Artikelen bij COM(2024)187 -

Dit is een beperkte versie

U kijkt naar een beperkte versie van dit dossier in de EU Monitor.

dossier COM(2024)187 - .
document COM(2024)187
datum 17 mei 2024

VERSLAG VAN DE COMMISSIE
Jaarverslag van de Europese Commissie over de veiligheid van offshore olie- en gasactiviteiten voor het jaar 2022

Inhoudsopgave

1. INLEIDING 2

2. RECHTSGROND 3

3. METHODE EN ONTVANGEN INFORMATIE 3

4. DE OFFSHORE OLIE- EN GASSECTOR IN DE EUROPESE UNIE 4

4.1 Installaties en productie 4

4.2 Offshore-inspecties, -onderzoeken, -handhavingsacties en -regelgevingskader 6

5. INCIDENTEN EN VEILIGHEIDSPRESTATIES 7

6. CONCLUSIES 9
1. INLEIDING

Sinds 2016 publiceert de Europese Commissie een jaarverslag over de veiligheid van offshore olie- en gasactiviteiten in de EU.

Richtlijn 2013/30/EU1 van het Europees Parlement en de Raad van 12 juni 2013 betreffende de veiligheid van offshore olie- en gasactiviteiten en tot wijziging van Richtlijn 2004/35/EG (“richtlijn offshoreveiligheid”) vormt de rechtsgrond voor dit verslag. Met deze richtlijn wordt gestreefd naar een hoog veiligheidsniveau bij offshore olie- en gasactiviteiten ten behoeve van:

i. werknemers;

ii. het milieu;

iii. offshoreplatforms en -uitrusting;

iv. economische activiteiten zoals visserij en toerisme.

De richtlijn, zoals door de lidstaten uitgevoerd, helpt bij:

i. het voorkomen van zware ongevallen en incidenten;

ii. het verminderen van het aantal incidenten;

iii. het zorgen voor een doeltreffende follow-up van ongevallen en incidenten om de ernst van de gevolgen ervan te verminderen.

Net als de vorige verslagen bevat dit jaarverslag ook:

i. gegevens over het aantal en het type installaties in de EU;

ii. informatie over veiligheidsincidenten in deze installaties;

iii. een beoordeling van de veiligheidsprestaties van de offshore olie- en gasactiviteiten.

Het verslag bestrijkt nu een periode van zes jaar en vormt een inventaris van de veiligheidsprestaties van de offshore olie- en gasactiviteiten van de lidstaten.

Dit verslag is gebaseerd op de jaarverslagen en gegevens die door de lidstaten zijn ingediend conform de richtlijn offshoreveiligheid.

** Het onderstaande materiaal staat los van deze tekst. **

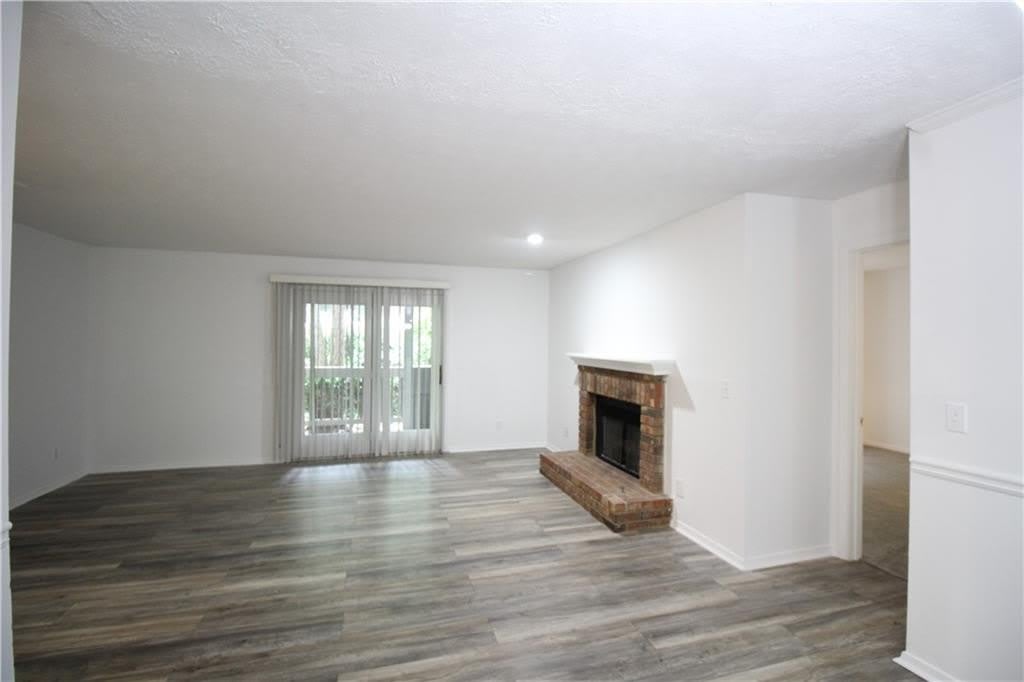 204 Warm Springs Circle – photo 3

Er zijn 164 offshore olie- en gasinstallaties in de Middellandse Zee, 135 in de Noordzee en de Atlantische Oceaan, 8 in de Zwarte Zee en 4 in de Oostzee. In 2022 hebben de bevoegde autoriteiten van de lidstaten de veiligheid van 485 offshore-installaties in hun rechtsgebied geïnspecteerd. De landen meldden geen zware ongevallen.

Het aantal incidenten is gestegen van 26 in 2021 tot 37 in 2022.
2. RECHTSGROND

Overeenkomstig artikel 25 van de richtlijn offshoreveiligheid moet de Commissie een jaarverslag over de veiligheid en de milieueffecten van offshore olie- en gasactiviteiten publiceren. Dit verslag is gebaseerd op de afzonderlijke jaarverslagen die de lidstaten bij de Commissie moeten indienen. In bijlage IX, punt 3, van de richtlijn is bepaald welke informatie de jaarverslagen ten minste moeten bevatten:

i. het aantal, de leeftijd en de locatie van de installaties;

ii. het aantal en type uitgevoerde inspecties en onderzoeken, naast eventuele dwingende maatregelen of veroordelingen;

iii. incidenten die zich hebben voorgedaan;

iv. grote veranderingen in het offshoreregelgevingskader;

v. veiligheidsprestaties van de offshore olie- en gasactiviteiten.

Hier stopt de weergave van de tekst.